Théorie « la-la » (variante :
théorie « ding-dong », « ding-dong
theory ») :
La première langue de l'humanité
aurait été comparable au babil enfantin, pure expression d'un
jeu rendu possible par la position du larynx. C'est l'hypothèse d'un
phonéticien, Ivan Fonagy, fin XIXème.
Cette thèse
a été étendue (= variante) à un niveau plus
esthétique en 1884 par le linguiste danois Otto Jespersen, qui estimait
que le chant, le plaisir du son mélodieux, avait précédé
le langage. Jespersen était persuadé d'une liaison entre le
son et le sens.
Qu'il y ait liaison entre le son et le sens, cela nous rapproche de l'onomatopée.

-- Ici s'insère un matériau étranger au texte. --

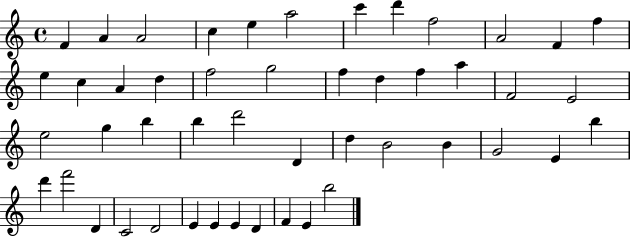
{
  \clef treble
  \time 4/4
  \defaultTimeSignature
  \key c \major
  f'4 a'4 a'2 | c''4 e''4 a''2 | c'''4 d'''4 f''2 | a'2 f'4 f''4 | \break e''4 c''4 a'4 d''4 | f''2 g''2 | f''4 d''4 f''4 a''4 | f'2 e'2 | \break e''2 g''4 b''4 | b''4 d'''2 d'4 | d''4 b'2 b'4 | g'2 e'4 b''4 | \break d'''4 f'''2 d'4 | c'2 d'2 | e'4 e'4 e'4 d'4 | f'4 e'4 b''2 | \break \bar "|."
} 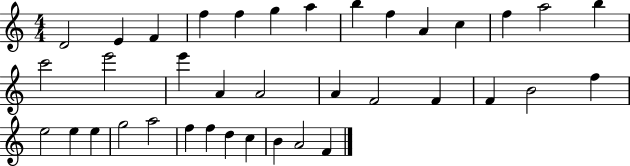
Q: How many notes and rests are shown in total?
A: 37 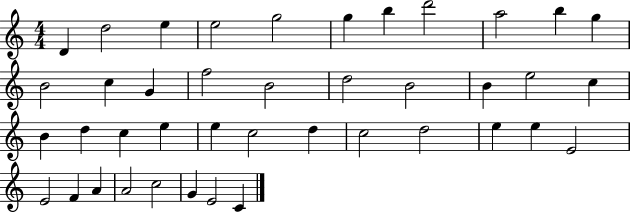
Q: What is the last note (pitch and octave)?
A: C4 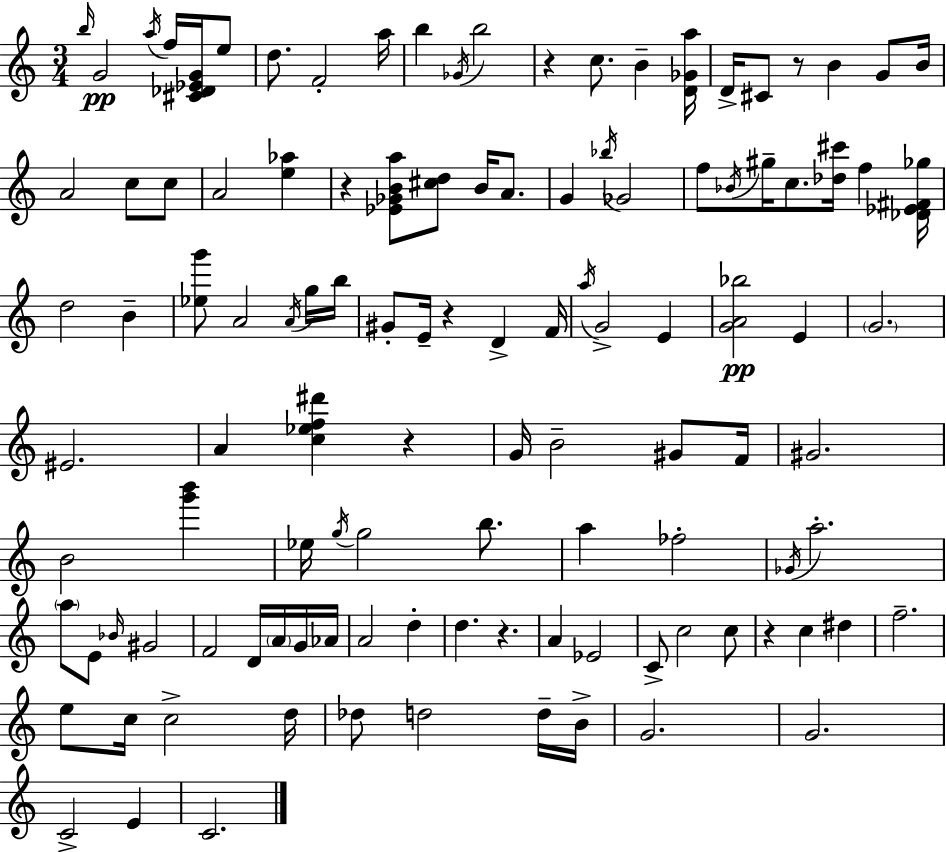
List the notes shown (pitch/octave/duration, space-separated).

B5/s G4/h A5/s F5/s [C#4,Db4,Eb4,G4]/s E5/e D5/e. F4/h A5/s B5/q Gb4/s B5/h R/q C5/e. B4/q [D4,Gb4,A5]/s D4/s C#4/e R/e B4/q G4/e B4/s A4/h C5/e C5/e A4/h [E5,Ab5]/q R/q [Eb4,Gb4,B4,A5]/e [C#5,D5]/e B4/s A4/e. G4/q Bb5/s Gb4/h F5/e Bb4/s G#5/s C5/e. [Db5,C#6]/s F5/q [Db4,Eb4,F#4,Gb5]/s D5/h B4/q [Eb5,G6]/e A4/h A4/s G5/s B5/s G#4/e E4/s R/q D4/q F4/s A5/s G4/h E4/q [G4,A4,Bb5]/h E4/q G4/h. EIS4/h. A4/q [C5,Eb5,F5,D#6]/q R/q G4/s B4/h G#4/e F4/s G#4/h. B4/h [G6,B6]/q Eb5/s G5/s G5/h B5/e. A5/q FES5/h Gb4/s A5/h. A5/e E4/e Bb4/s G#4/h F4/h D4/s A4/s G4/s Ab4/s A4/h D5/q D5/q. R/q. A4/q Eb4/h C4/e C5/h C5/e R/q C5/q D#5/q F5/h. E5/e C5/s C5/h D5/s Db5/e D5/h D5/s B4/s G4/h. G4/h. C4/h E4/q C4/h. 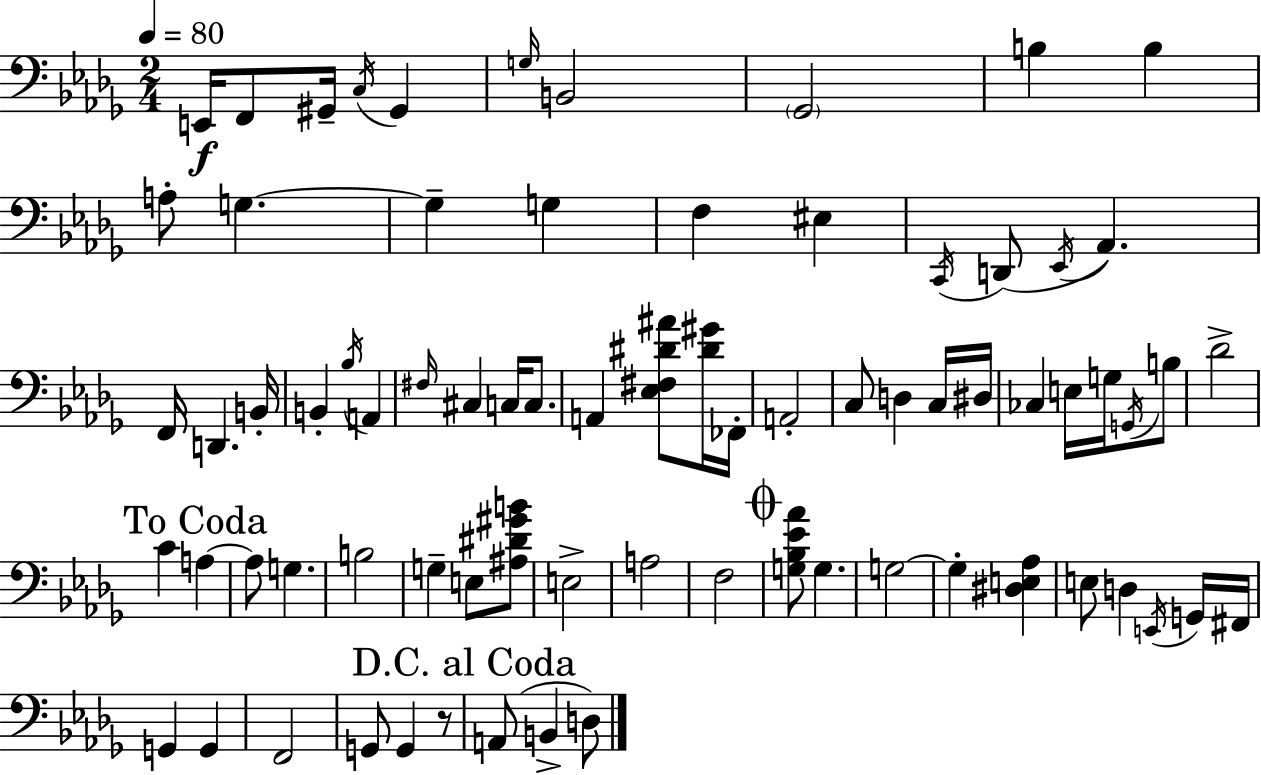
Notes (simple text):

E2/s F2/e G#2/s C3/s G#2/q G3/s B2/h Gb2/h B3/q B3/q A3/e G3/q. G3/q G3/q F3/q EIS3/q C2/s D2/e Eb2/s Ab2/q. F2/s D2/q. B2/s B2/q Bb3/s A2/q F#3/s C#3/q C3/s C3/e. A2/q [Eb3,F#3,D#4,A#4]/e [D#4,G#4]/s FES2/s A2/h C3/e D3/q C3/s D#3/s CES3/q E3/s G3/s G2/s B3/e Db4/h C4/q A3/q A3/e G3/q. B3/h G3/q E3/e [A#3,D#4,G#4,B4]/e E3/h A3/h F3/h [G3,Bb3,Eb4,Ab4]/e G3/q. G3/h G3/q [D#3,E3,Ab3]/q E3/e D3/q E2/s G2/s F#2/s G2/q G2/q F2/h G2/e G2/q R/e A2/e B2/q D3/e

Néanmoins, imaginer l'homo erectus fredonnant dans la savane relève
d'une imagination un peu osée. Quant à la version « babil
enfantin », elle rejoint l'assimilation qui a été
faite de l'esprit des « primitifs » à
celui des enfants, ce qui est carrément du racisme. Aucune espèce
ancienne ne fonctionne comme les enfants de l'espèce descendante,
un adulte est un adulte ; et l'homme préhistorique, avec un
cerveau plus petit, ne se comportait pas comme un enfant d'homo sapiens,
ce qui lui aurait joué bien des tours dans la jungle. Il en est de
même du langage, qui se fonde sur la communication, pas sur le jeu.
Théorie « ho-hisse »
(« yo-he-ho theory ») :
Le linguiste
russe Nikolaï Marr (1865-1934) estimait que le langage était
une sorte de phénomène de classe, une invention sociale, fruit
du contact répété et du travail en commun ; même
position en 1950 chez G. Révesz dans Origine et préhistoire
du langage.
Que le travail en commun ait généré des mots, c'est
fort possible, mais comme pour les autres théories, y voir la source
unique du langage est certainement abusif.
Aucune de ces théories n'apporte une explication complète. Si certaines d'entre elles expliquent des inventions de mots, cela ne peut suffire à expliquer l'invention du langage, qui repose non seulement sur des mots, mais sur une syntaxe.